EXCERPTED DATA START
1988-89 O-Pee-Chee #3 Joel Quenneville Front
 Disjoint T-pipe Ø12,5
EXCERPTED DATA END
EXCERPTED DATA START
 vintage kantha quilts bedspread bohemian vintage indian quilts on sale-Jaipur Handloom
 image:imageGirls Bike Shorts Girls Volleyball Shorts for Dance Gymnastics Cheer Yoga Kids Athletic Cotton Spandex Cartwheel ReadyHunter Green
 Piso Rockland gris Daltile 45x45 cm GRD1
EXCERPTED DATA END
• **AIM OF THE TASK**: Give back exactly the lines of the listing above that run from the line with "1988-89 O-Pee-Chee #3 Joel Quenneville Front" to the line with "Disjoint T-pipe Ø12,5", inclusive.

• **SOLUTION FOR THIS EXERCISE**:
1988-89 O-Pee-Chee #3 Joel Quenneville Front
 Disjoint T-pipe Ø12,5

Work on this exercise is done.